How to ….
How to lighten the pump stroke
Easy. Remove the bolt from the gun, take out the bolt spring and cut it down a bit.
How to polish the barrel (How To)
Because the paint overspary inside the barrel, polishing the barrel will be a good idea.
Make sure you COMPLETELY take the PGP apart, so you have ONLY the 3 brass tubes body to work with. If you got a power drill, the straight bottom of a broken clothes hanger, a rag to wrap around the straight platic hangar piece (slightly bigger than the barrel bore so it fits tight) and some brass polish (Brassco). You rubbed some polish on the rag and squirted a little into the bore and began drilling. be warned that the entire pistol will get hot to the touch after a few minutes due to the friction being created inside of the bore. It will got so hot, so BE CAREFUL! take your time with it. and if all of the overspray isnt gone you can follow up with a dremel and some polish. Good luck.
Do it at your own risk!!!
How to rebend the pump rod (How To)
A bended pump rod will cause havey pump stroke. Here are some tips: To rebend/straighten a rod, take it out of the pump handle, lay it on a flat bench and gently tap the high spot with a small hammer. If you try to bend it by hand it will snap off. – Peter “Wharf Rat” Simpson
How to oil the PGP? (How To)
A few drops oil on the tip of a new 12-gram, insert the 12-garm carefully into the gun, so the oil can stay on the 12-gram. Load and dry fire until it runs out of CO2, clean the barrel. A drop of oil on each bolt O-Ring.

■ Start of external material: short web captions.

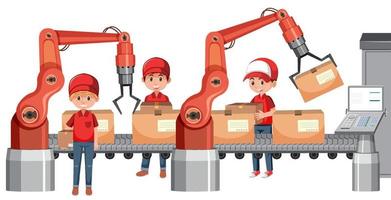 Production process concept with assembly line automation vector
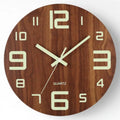 8 Inch Luminous Wall Clock Wood Silent light in dark night Nordic Fashion Wall Clock Non Ticking Clock With Night Light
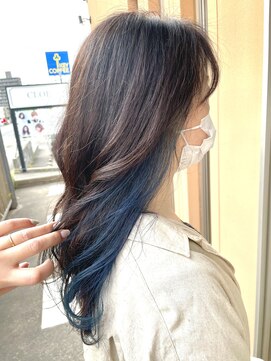 クロエ バイ ラヴィズム 小針店(CLOE by LUVISM) ブルーグリーンのインナーカラー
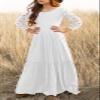 MITILLY Girls Lace Flower 3/4 Sleeve Ruffle A-Line Swing Wedding Party Long Maxi Dress with Pockets 8 Years White view 2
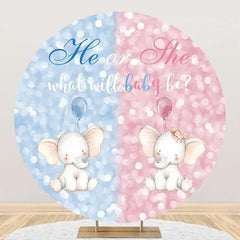 Lofaris Blue Pink Elephant Bokeh Round Baby Shower Backdrop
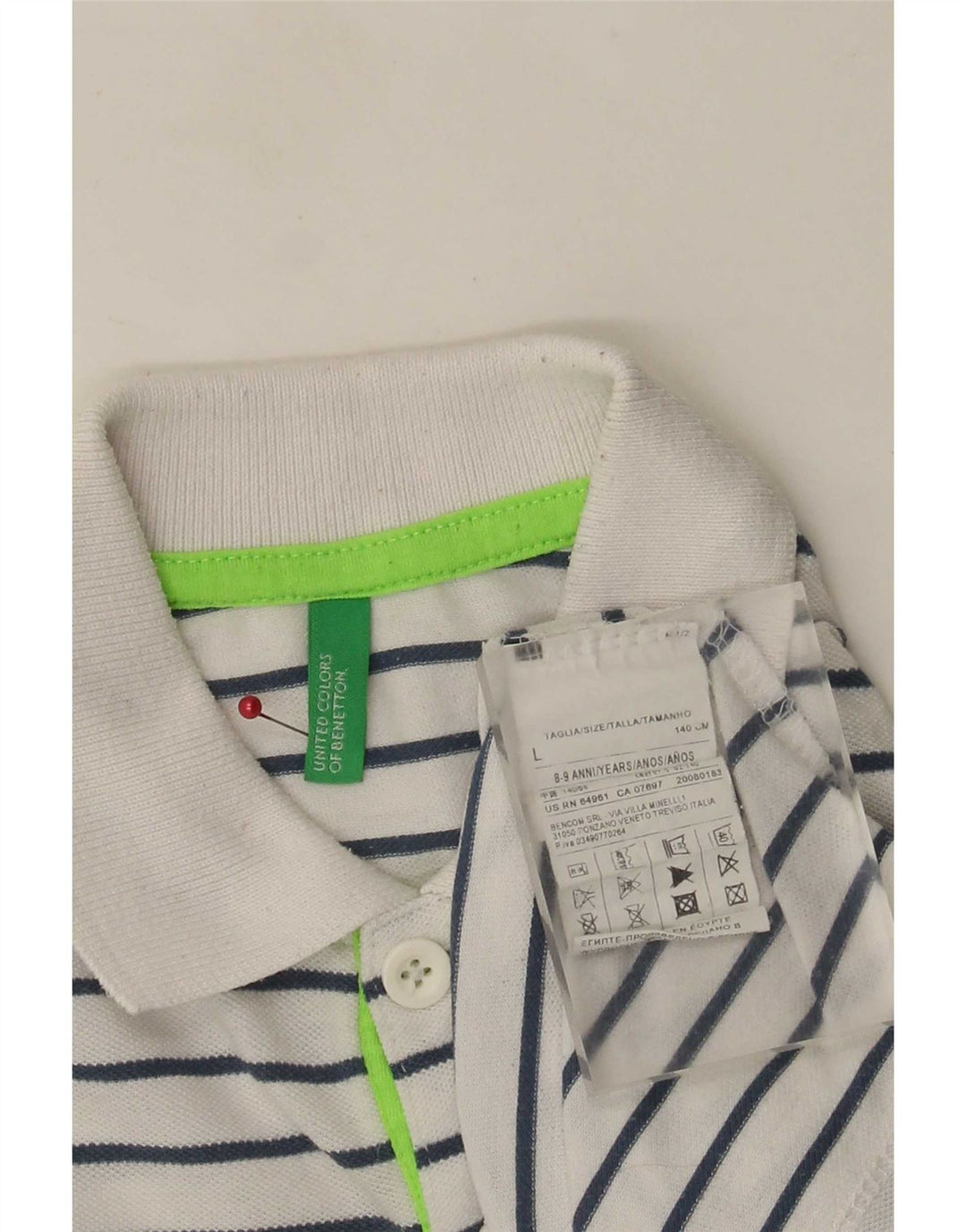Benetton Polo Garçon 8-9 ans Large Blanc Rayé Polyester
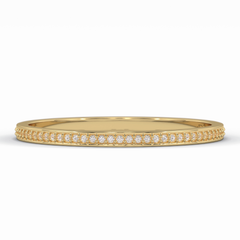 GleamBand 0.07 Carat Round VS1 Lab-Grown Wedding Band in 18K Yellow Gold 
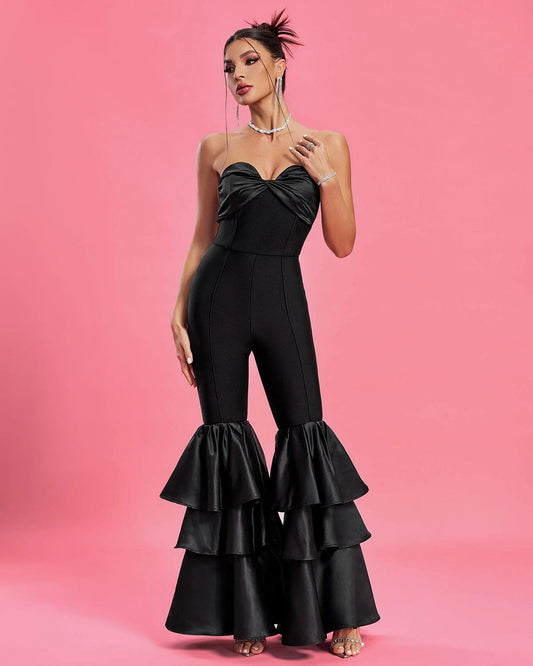 Ocstrade Fashion Ladies Winter Clothing Puffy Pant Foot Bandage Jumpsuit Customize  Backless Zipper Black Flare Jumpsuit Women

How to increasing efficiency (How To)
Valve porting, Barrel honing… many many options are available at Custom Shops.
How to mount a Autococker/Automag .45 frame on: (How To)
Since the original WGP grip frame was based off of the Sheridan frame (and AGD later used the WGP frame on the Automag) with a little work an Autococker or Automag frame (stock or .45) can be adapted to work on the PGP. There are two ways to go about this (well, 3).
The first (and easiest) was summed up by by GusDaDog:
Easy as pie…. take the trigger, sear, spring, and pins from the stock frame….insert the stock trigger with the stock pin…then insert the sear with spring in the spot where the pins that hold the grips on is…you may have to drill that spot out to take the pin….you may need to file a “seat” into the new frame for the spring to sit in….just look at the stock frame and copy that….the mag frame will bolt up just like the stock frame…it’s easy….should take about 15 minutes once ya got the tools gathered. Ed. Note: One ‘problem’ with doing it this way is you have the flat top of the new grip frame mating with the curved bottom tube of the Sheridan. There may be issues with strength, and it certainly won’t look the best, but GusDaDog says it works just fine.
Punisher recommends milling the top of the frame so that it fits flush with the lower tube of the Sheridan. He provides this service through his shop, or a machine shop should be able to do this using a .875 ball end mill bit.
The third way is sort of a cross between the two…making an adapter to go between the flat grip frame and the curved tube. A piece of aluminum is the preferred material to make this with. A machine shop should have no trouble turning one out in a short time.
It is a lot of work but if you have the tools and skills it is easy.